Coach Lorenzo Romar said that while the Huskies have to stop giving up easy fouls, such as after surrendering offensive rebounds, or far away from the basket, his freshman-heavy team has to strike a balance between aggression and apprehension.
“We have to continue to address it, because there is a balance of the aggressive ‘go, go, go’ (offensive) attack, and ‘Show your hands, don’t attack,’ ” said Romar Tuesday. “To defend the way we want, we feel, ‘OK, I am guarding the ball and he makes one quick move, I’m going to foul him. If I really get up and deny, I may foul.’ So we might back off subconsciously a little bit.”
A little backing off would help the Huskies, who have surrendered an average of 22.5 points per loss from the free throw line. In all seven losses, the only margin not covered by that average was a 99-67 shellacking by Arizona Jan. 14.
The other concern from the foul-a-palooza is foul-outs. Washington is nearly lapping the field in D-I for disqualifications. The Huskies have 36. No. 2 Northern Colorado has 23.
If the Huskies roster were deeper, the DQs might not be so great a concern (nor as plentiful, with more numbers to thin out foul accumulation). But Washington has only three traditional forwards, freshmen Marquese Chriss and Noah Dickerson, along with junior college transfer Malik Dime. The three account for 21 disqualifications, often leaving the paint vulnerable late in the game, as what little size they have watches from the bench.

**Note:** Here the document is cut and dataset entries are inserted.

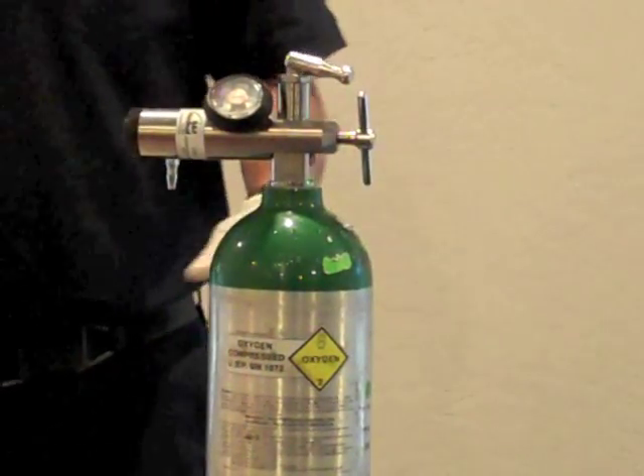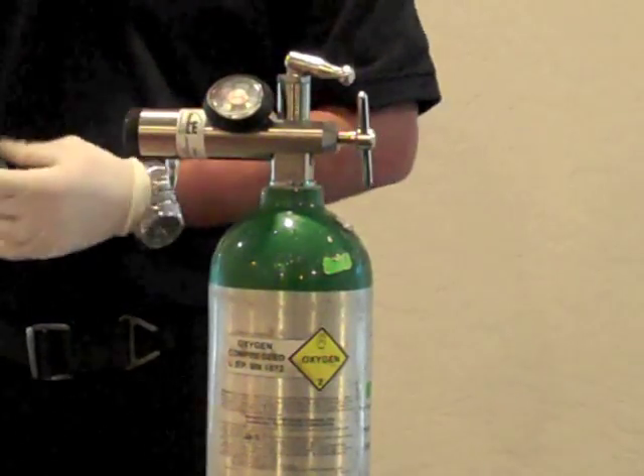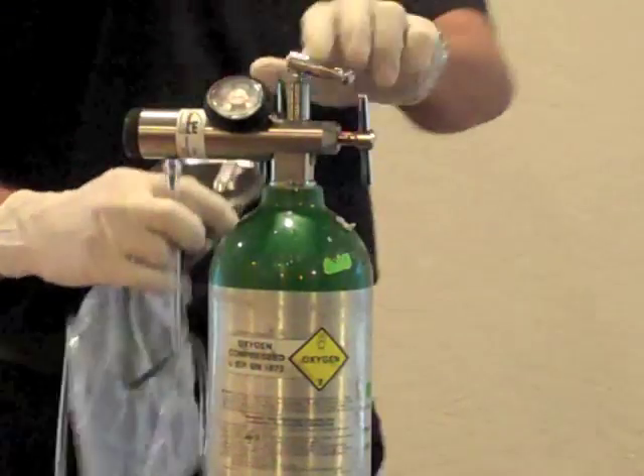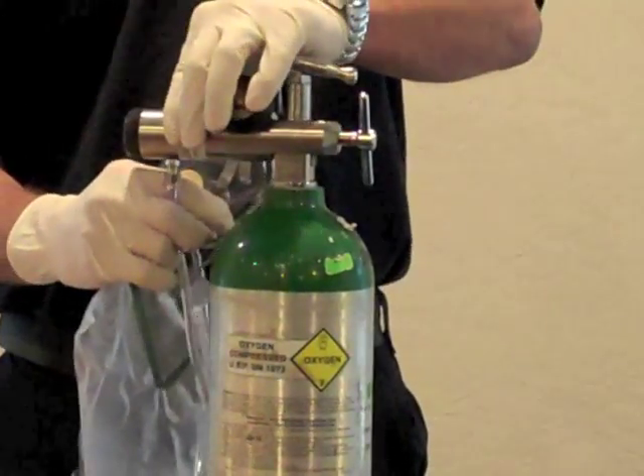Turn the oxygen bottle on and ensure that there is enough pressure in the tank to deliver the oxygen that is required. Take the oxygen tubing on the non-rebreather mask and attach it to the regulator.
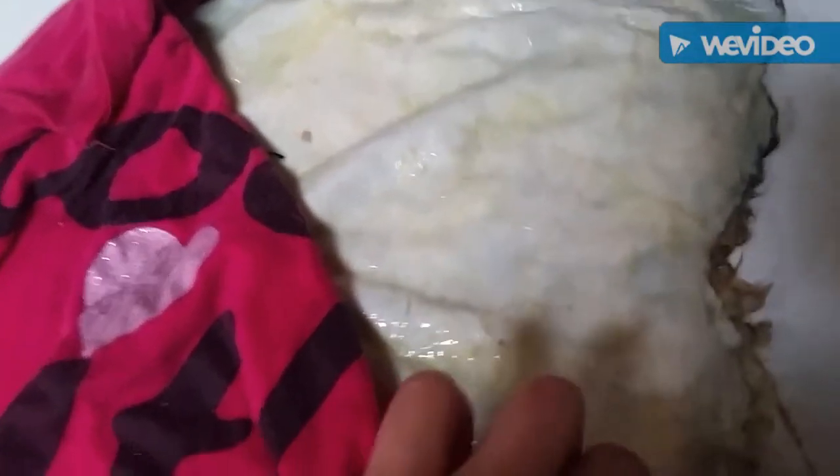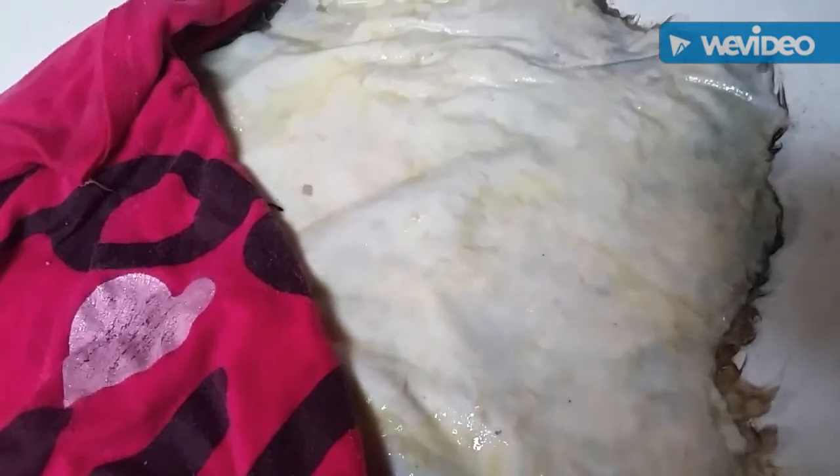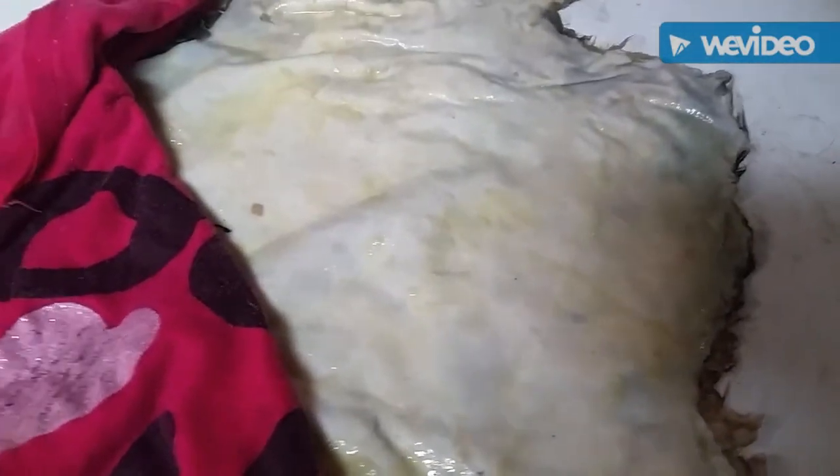After we put the yolk mixture on the hide, take your wet cloth and drape it over the hide. And in a couple of days I'll be back.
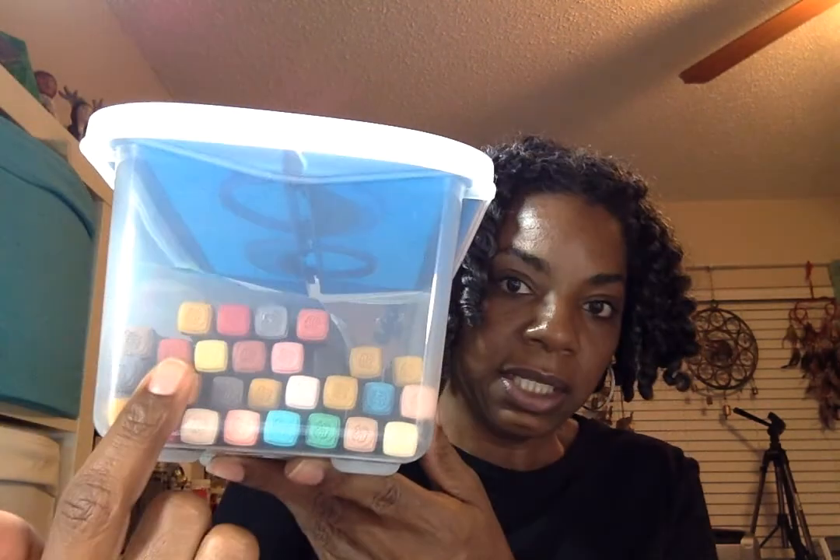I wanted to give these a try because I'm really trying to learn and teach myself how to use markers. I have Spectrum Noir markers but they're older and a lot of them have dried out from not being used for several years, so I'm not sure how rich or true to color they are. I also have some Prima markers, but I found that several packages had repeat colors, so I don't have a real range — though I do love Prima markers.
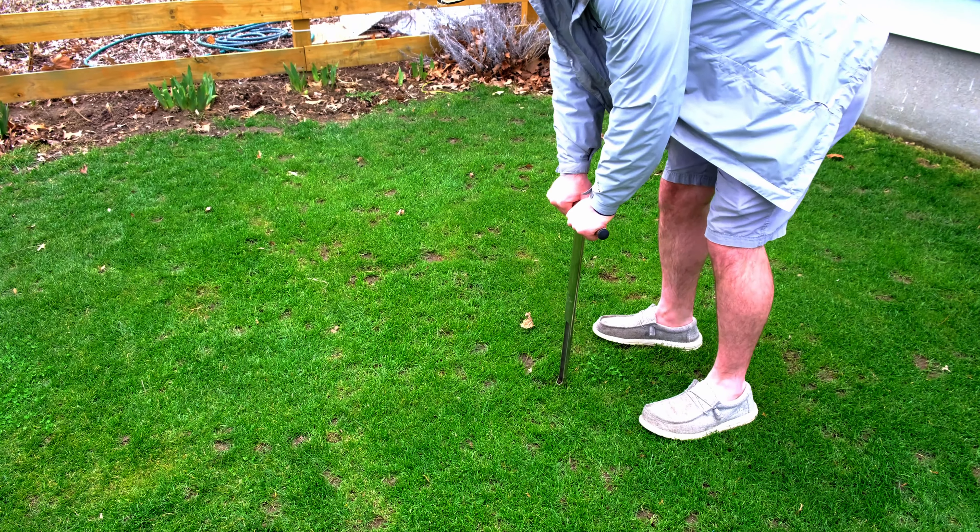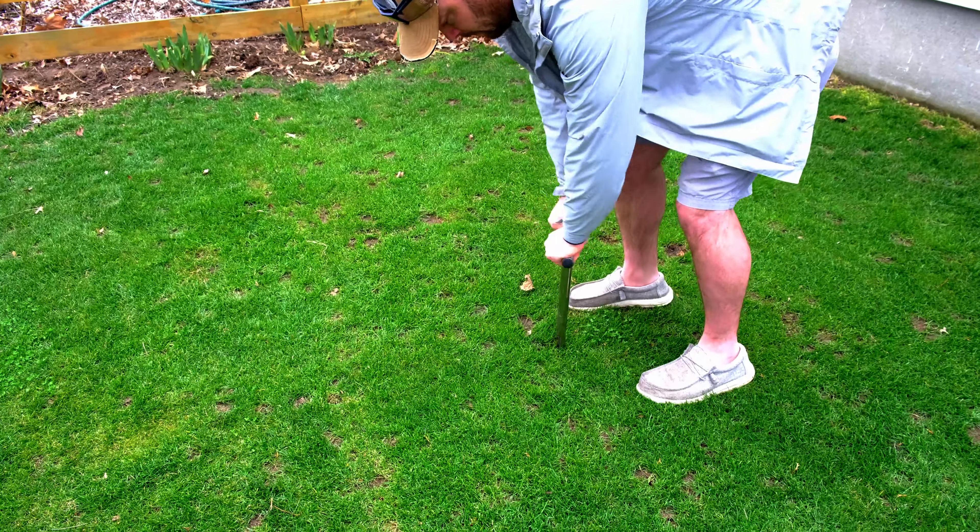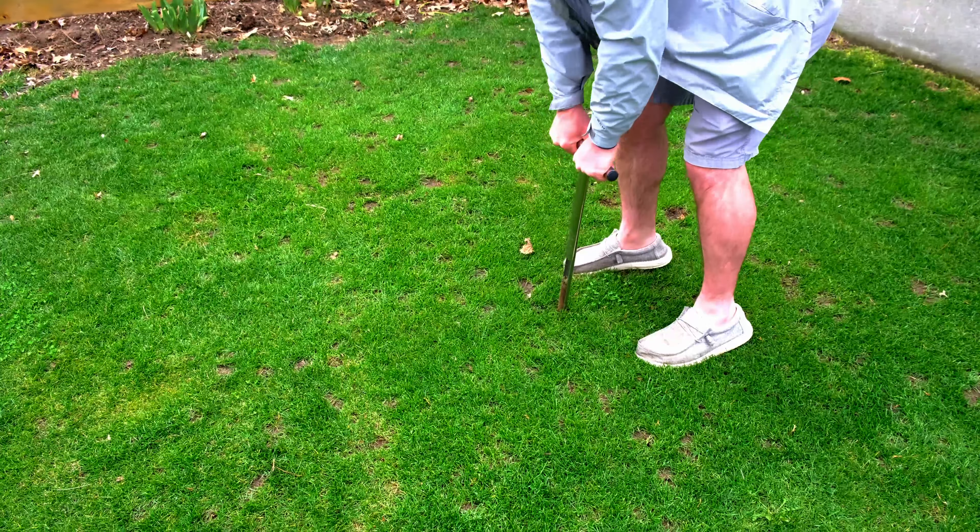Conventional wisdom might have you believe that you want to get a bag of fertilizer on the lawn as soon as it starts to green up. However, that is not the case. The first thing you're going to do is get a soil test. It's not a flashy thing to do, but it will help you save time and identify problems in your lawn that can save you money and headaches down the line.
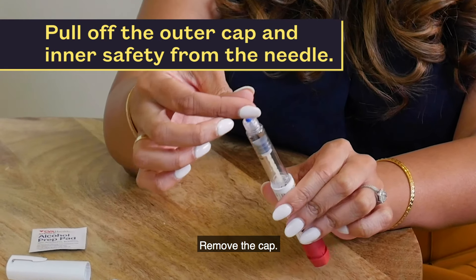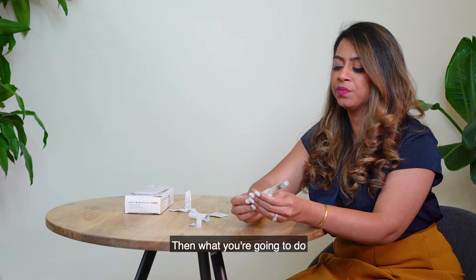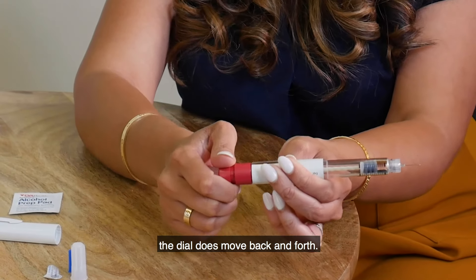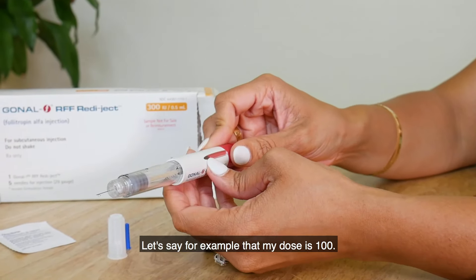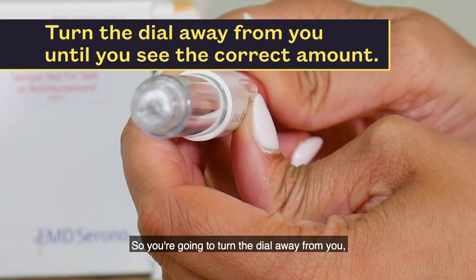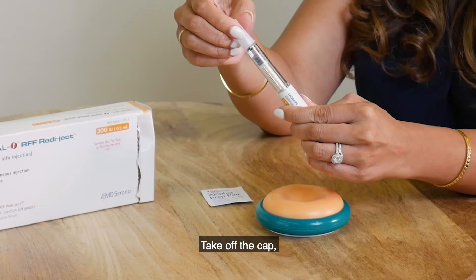Remove the outer cap, then remove the safety cap on the inside like this. Then take your dial — the dial does move back and forth. You're going to dial to the dose given to you by your patient navigator. For example, if your dose is 100, turn the dial away from you until you get the dose in the window and you'll see that it says 100. Take off the cap.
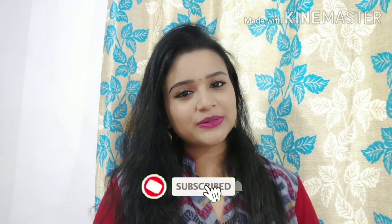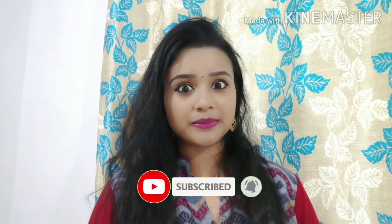Hello friends, welcome to the channel. I'm excited to see you in this video. If you are watching this video, please subscribe to the channel. Let's start this video.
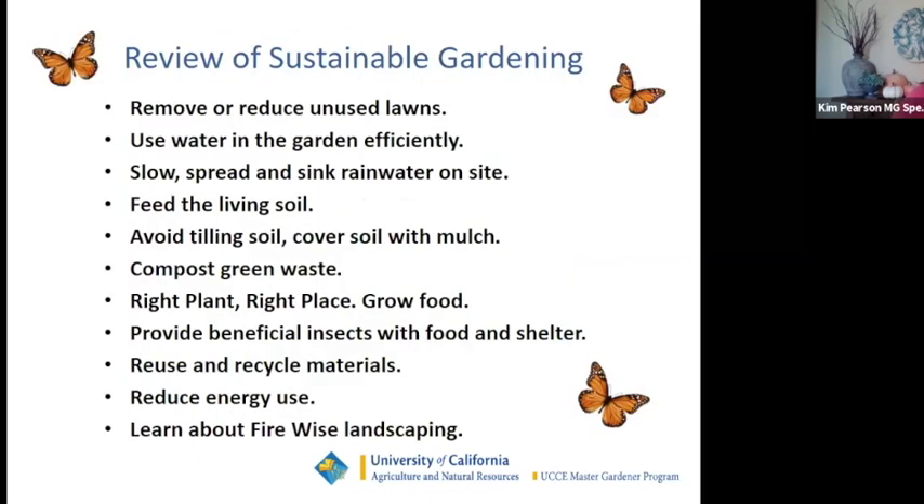The main topics to take away: whenever possible, remove or reduce unused lawns — they are water hogs. Use water efficiently through drip irrigation and mulch. Spread, slow, and sink rainwater on site. Feed living soil with organic compost. Avoid tilling your soil and cover it with mulch to maintain moisture. Compost your green waste — ideally in your own yard, but always compost that green waste.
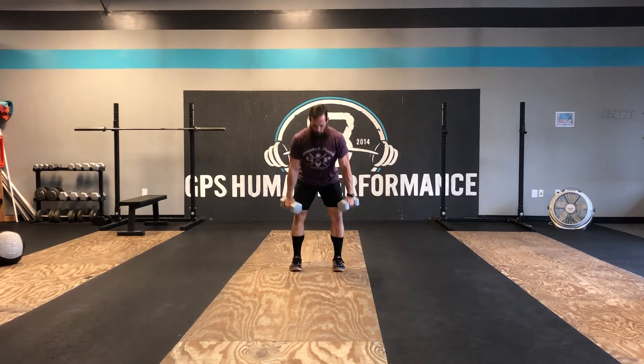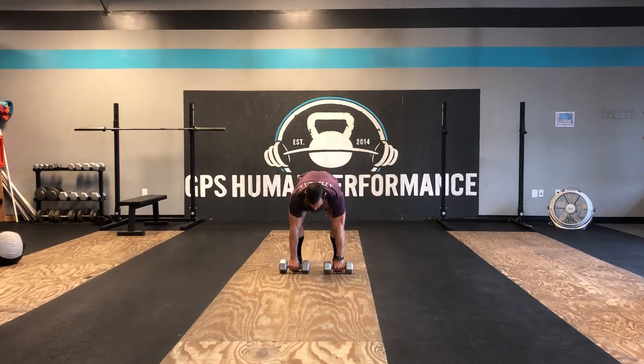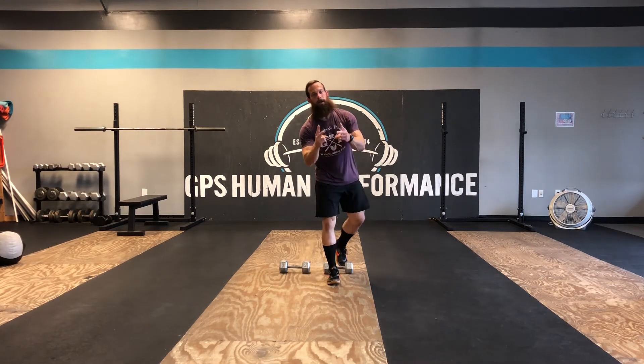So from the front, RDL in. That is a two kettlebell, two dumbbell bent over row.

Senior guard Andrew Andrews, the conference’s leading scorer, becomes cautious offensively once he picks up his third or fourth foul, since his favored in-traffic drive to the hoop could lead to charging fouls. Notably, in a close win against UCLA Thursday, Andrews was forced to sit for long stretches in the second half after picking up a fourth foul.
Once Andrews returned, he sank four, game-deciding free throws, highlighting the necessity of keeping Washington’s key players on the court.
What Andrews’ performance also highlights is the success the Huskies enjoy, even as they foul at rates that would make the Legion of Boom blush.
The other five teams with a greater foul total than Washington are a collective 31-87, a win percentage of 26.3.
Washington’s name is already in the mix for the 68-team NCAA tournament in March. Whether the young Huskies can learn to keep their hands to themselves will determine whether they have more in them than one-and-done at conference tournament in Las Vegas, and the big dance.